This hatred has been stoked by those who would divide us by manufacturing terror. Scapegoats are created to increase the fear so that the American people sense threats looming on every corner. These are the lies: A caravan funded by rich Jews. Gang members. Rapists. Drug dealers. Pedophiles. Thugs. Mobs. All manufactured fears to keep us from following Christ’s teaching to love one another. Authoritarianism depends upon its subjects being divided and fearful.

This fear mongering is deliberate. It is exploitative. It is wrong. We must condemn it and those who falsely promulgate it to their own gain.

The killer in Pennsylvania appears to have been motivated by his fear of a caravan, a group of refugees fleeing violence, poverty and persecution. He didn’t see them as refugees; he saw them as “invaders.” He was encouraged to see them that way because of the vitriol poisoning our public discourse.

I heard a congregant from Tree of Life interviewed after the massacre. He said that after their “shiva” period of mourning has ended, his community will return to doing what they have been taught to do, what is ingrained in them from childhood: “tikkun olam.” He defined this phrase as “repairing the world.”

The people of Tree of Life Synagogue will not allow this act of terror to prevent them pursuing God’s work. In goodwill and solidarity, the Muslim community has raised money for the synagogue so that they can continue their good work. Two scorned tribes are coming together in this promised land because they are both seen as “the other.”

How will we Christians respond?

Will we seek to repair the world? Or will we allow ourselves to be manipulated by fear?

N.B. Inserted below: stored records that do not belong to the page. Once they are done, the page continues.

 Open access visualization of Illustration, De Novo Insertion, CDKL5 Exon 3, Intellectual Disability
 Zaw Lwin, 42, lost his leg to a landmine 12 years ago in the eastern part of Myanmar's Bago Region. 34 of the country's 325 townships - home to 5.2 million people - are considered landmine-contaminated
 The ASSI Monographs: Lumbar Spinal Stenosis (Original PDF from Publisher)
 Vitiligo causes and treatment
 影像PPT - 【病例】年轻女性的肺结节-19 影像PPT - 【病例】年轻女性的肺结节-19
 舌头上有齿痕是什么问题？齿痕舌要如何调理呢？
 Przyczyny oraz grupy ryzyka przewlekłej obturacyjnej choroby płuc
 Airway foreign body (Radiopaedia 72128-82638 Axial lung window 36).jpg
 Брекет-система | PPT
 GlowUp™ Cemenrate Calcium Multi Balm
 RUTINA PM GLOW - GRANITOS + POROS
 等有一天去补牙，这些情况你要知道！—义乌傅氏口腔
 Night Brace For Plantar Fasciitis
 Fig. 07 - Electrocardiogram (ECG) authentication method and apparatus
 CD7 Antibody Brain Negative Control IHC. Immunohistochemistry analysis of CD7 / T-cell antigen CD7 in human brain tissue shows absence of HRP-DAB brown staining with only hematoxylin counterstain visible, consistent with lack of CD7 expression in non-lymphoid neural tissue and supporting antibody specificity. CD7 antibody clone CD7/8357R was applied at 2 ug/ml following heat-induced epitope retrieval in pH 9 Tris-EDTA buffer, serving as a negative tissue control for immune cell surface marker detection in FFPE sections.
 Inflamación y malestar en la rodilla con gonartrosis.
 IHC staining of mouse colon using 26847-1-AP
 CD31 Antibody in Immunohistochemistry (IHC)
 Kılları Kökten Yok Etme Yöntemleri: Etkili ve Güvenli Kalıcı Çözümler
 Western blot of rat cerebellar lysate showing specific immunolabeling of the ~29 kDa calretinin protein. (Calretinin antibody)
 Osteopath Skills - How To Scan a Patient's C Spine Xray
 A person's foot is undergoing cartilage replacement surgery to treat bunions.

Will we have faith the size of a mustard seed? Or will we give in to isolation and despair?

Will we welcome the stranger? Or will we harden our hearts and slam our doors?

Will we live the precepts of charity and love that Christ taught us?

If we do not see what’s being done to dehumanize groups of people in our midst, we will be swept in a current of hatred from which, as a democratic republic, we may never recover.

Jesus also said of the mustard seed: “To what shall we compare the kingdom of God, or what parable can we use for it? It is like a mustard seed that, when it is sown in the ground, is the smallest of all the seeds on the earth. But once it is sown, it springs up and becomes the largest of plants and puts forth large branches, so that the birds of the sky can dwell in its shade.” (Mk 4: 30-32)

The Tree of Life reflects the kingdom of God. Once planted it will not be destroyed. Its roots are deep.

If we all plant such seeds, our roots will be strong and we will not close our hearts and minds to the suffering of our brothers and sisters, even those being demonized by people who want to make us afraid.